Short descriptive text snippets
++++++++++
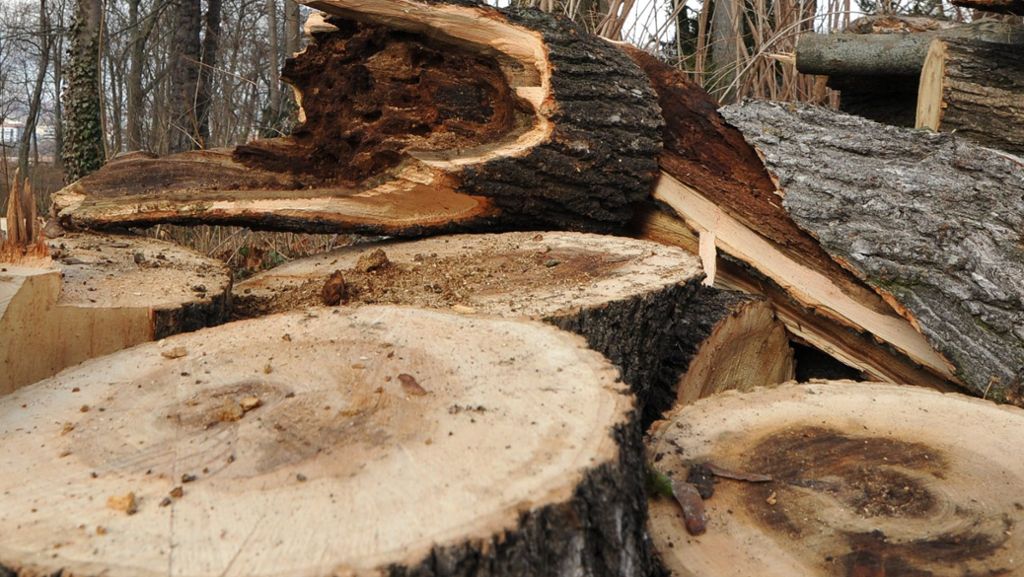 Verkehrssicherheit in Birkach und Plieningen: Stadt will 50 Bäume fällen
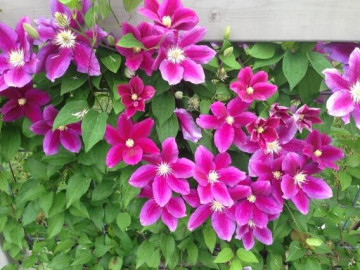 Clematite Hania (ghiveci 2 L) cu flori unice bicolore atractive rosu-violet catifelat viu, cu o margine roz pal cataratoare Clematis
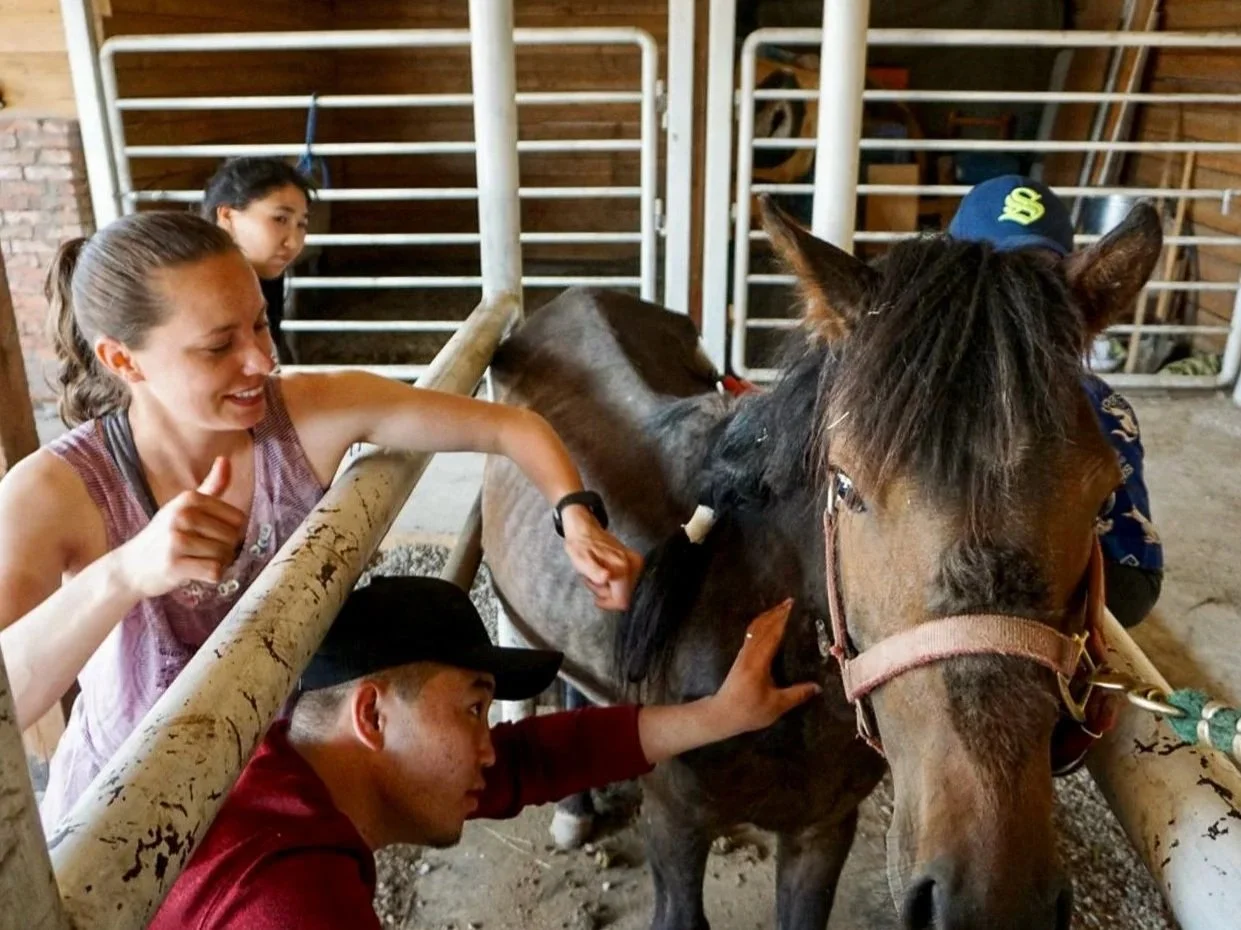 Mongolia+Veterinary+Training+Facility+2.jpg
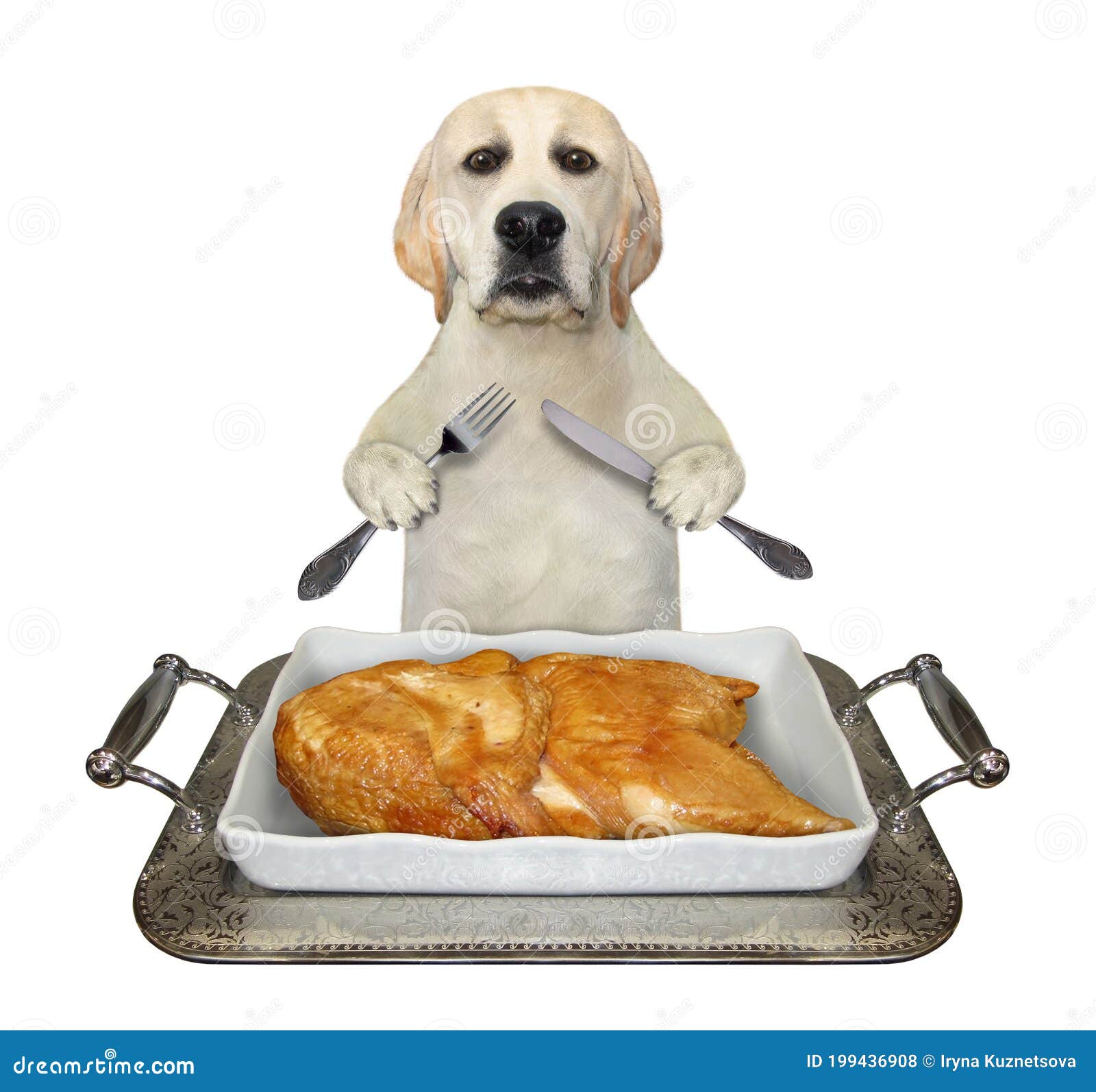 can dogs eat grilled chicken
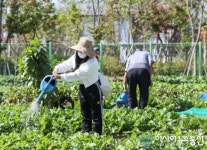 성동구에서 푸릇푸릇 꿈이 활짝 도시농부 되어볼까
++++++++++
What you have to do: Keep the pictures out and print all the records exactly as they are.

Response:
 Verkehrssicherheit in Birkach und Plieningen: Stadt will 50 Bäume fällen
 Clematite Hania (ghiveci 2 L) cu flori unice bicolore atractive rosu-violet catifelat viu, cu o margine roz pal cataratoare Clematis
 Mongolia+Veterinary+Training+Facility+2.jpg
 can dogs eat grilled chicken
 성동구에서 푸릇푸릇 꿈이 활짝 도시농부 되어볼까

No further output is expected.